FAS6280. Disappointing performance?

webfarm_aruba
27,085 Views

We have just acquired a new shiny FAS6280 in metrocluster configuration with 2x512GB PAM per controller and a total of 336 FC 15k disks hoping for awesome performance, but now that we have set it up we are quite disappointed about NFS performance.

We already have a metrocluster FAS3160 (our first netapp), and I have to say that we were surprised by its performance reaching the 35-40k NFS v3 IOPS per controller (our application profile is 80% metadata, 12% reads, 8% writes on hundred of millions of files) saturating CPU (its bottlenek in our profile), with very low latency (disks and bandwidth were OK).

We use just NFS protocol, nothing more, nothing less but we use it heavily and we need very high IOPS capacity (we use storage for real not as many customers that use it without touching its limit), so we decided to move to the new FAS6280 hoping for a huge improvement in CPU performance (powerful exacore X5670 versus a tiny old dual core 2218 AMD Opteron). If you look at CPU benchmarks websites (like http://www.cpubenchmark.net) you can see something like 6x performance in pure CPU power so we hoped for at least 3x performance increment knowing that the bottleneck in our configuration was just the CPU.

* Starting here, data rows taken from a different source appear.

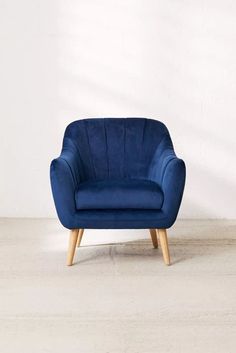 a blue chair sitting on top of a cement floor next to a white wall and wooden legs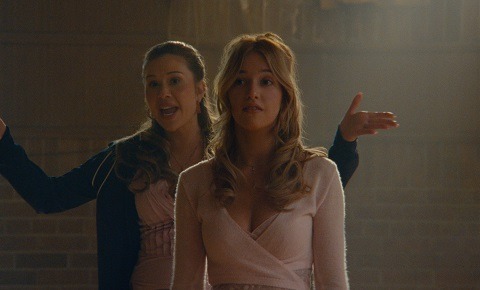 "Two young women stand in a warmly lit room with brick walls; one gestures and smiles energetically while the other looks ahead calmly, suggesting a lively conversation or instruction in a casual indoor setting."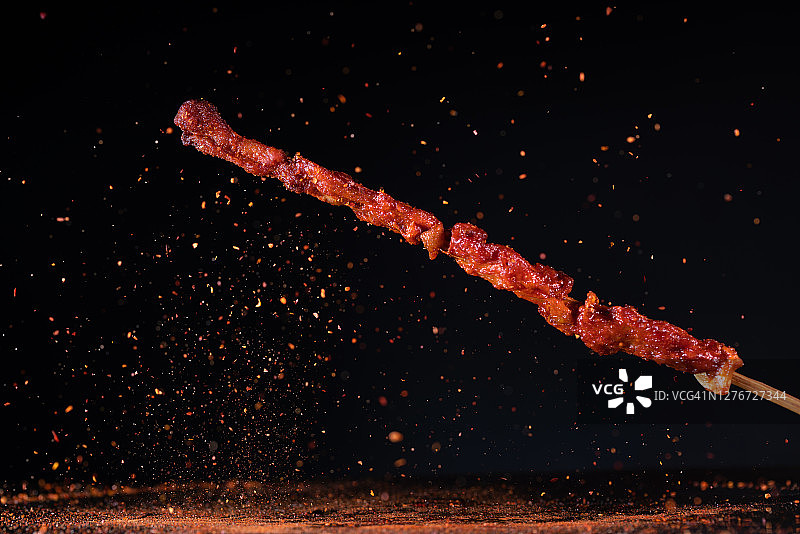 炸羊肉串与飞在空中的红辣椒图片素材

A bad surprise.. using same application profile, a single controller seems barely reach 75-80k IOPS before 100% CPU busy is touched. So from our point of view just 2x performance more than a FAS3160. The bad thing is that obviously a FAS6280 doesn't cost 2x a FAS3160...

So we tried to investigate..

The real surprise is how the cpu is badly badly (let me say badly) employed on FAS6280. For a comparison here is the sysstat -m from our FAS3160 running near 100% cpu busy:

sysstat -m 1
ANY    AVG   CPU0 CPU1 CPU2 CPU3
100%   86%    70%  96%   90%   90%

How you can see the CPUs usage is quite well balanced and all core are employed. Good.

Now the sysstat -m on the FAS6280 with same application profile:

sysstat -m 1
ANY  AVG  CPU0 CPU1 CPU2 CPU3 CPU4 CPU5 CPU6 CPU7 CPU8 CPU9 CPU10 CPU11
99%  21%    6%   0%   0%   0%   0%   0%   0%   0%  48%  48%  58%  93%

How you can see the FAS6280 barely uses 4-5 cpu cores out of 12 available, expecially CPU11 reaching 100% cpu busy very soon. We tried to optimize everything, mount in V2, V3, V4, create more aggregates, more volumes, flexvols, traditional vols and so on, but nothing let us to increase performances..

From my personal point of view, it seems that the FAS6280 hardware is far far more advanced than the Ontap version (8.0.1) that probably can't take advantage of bigger number of cores of this new family of filers, so it finishes to use an advanced cpu like X5670 just as an older dual core or a little more.. Simply the x5670 core is faster than 2218 core so it obtain a better performance.. but far far away from what it could do..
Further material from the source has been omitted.